Exercise | Set the material down again exactly, line by line, skipping each picture.
------ Source material ------
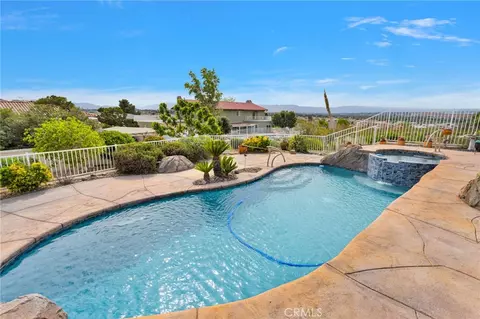 Exterior - 17662 Ridge View Ct, Apple Valley, CA 92307 photo 11 of 14
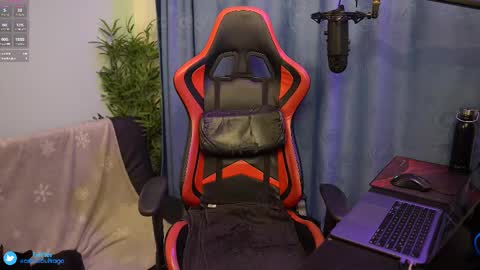 Anthony Buitrago Independent model online show from 02/18/25, 12:37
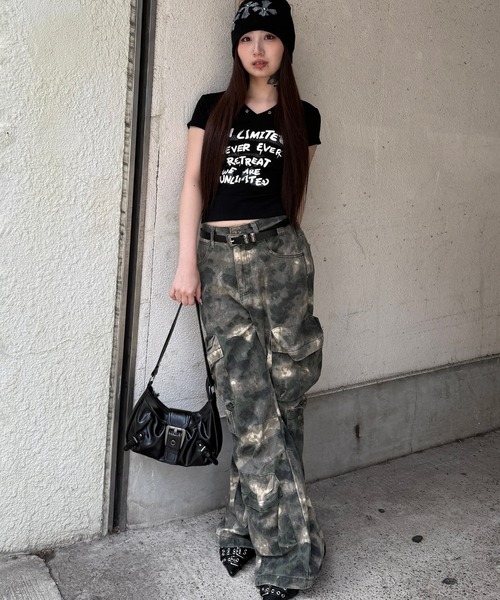 Figments(フィグメンツ)の「アイレットVネックT(Tシャツ/カットソー・レディース・グレー/ブラック・FREE)」の6枚目の写真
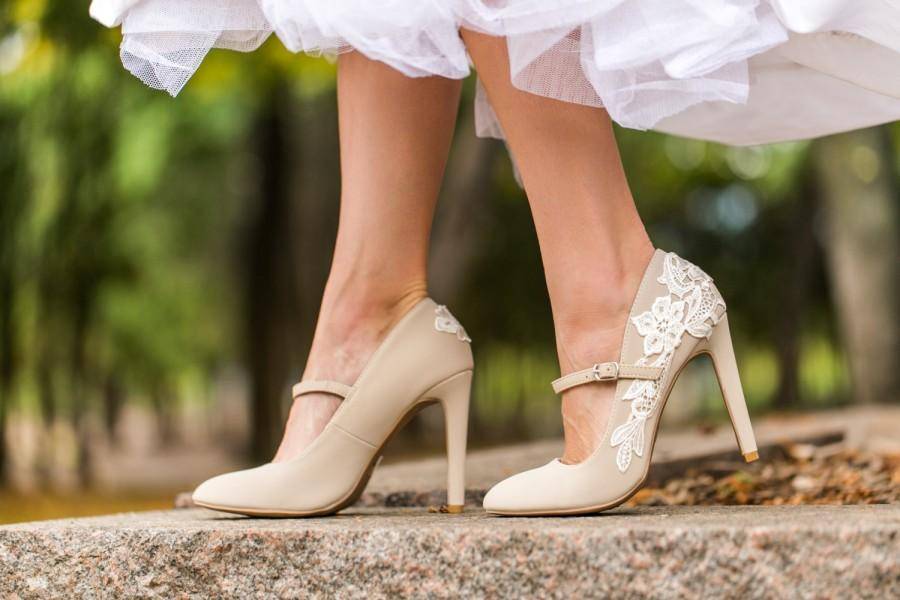 Свадебная обувь: советы на все случаи и выбор оптимального варианта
------
Answer section |
 Exterior - 17662 Ridge View Ct, Apple Valley, CA 92307 photo 11 of 14
 Anthony Buitrago Independent model online show from 02/18/25, 12:37
 Figments(フィグメンツ)の「アイレットVネックT(Tシャツ/カットソー・レディース・グレー/ブラック・FREE)」の6枚目の写真
 Свадебная обувь: советы на все случаи и выбор оптимального варианта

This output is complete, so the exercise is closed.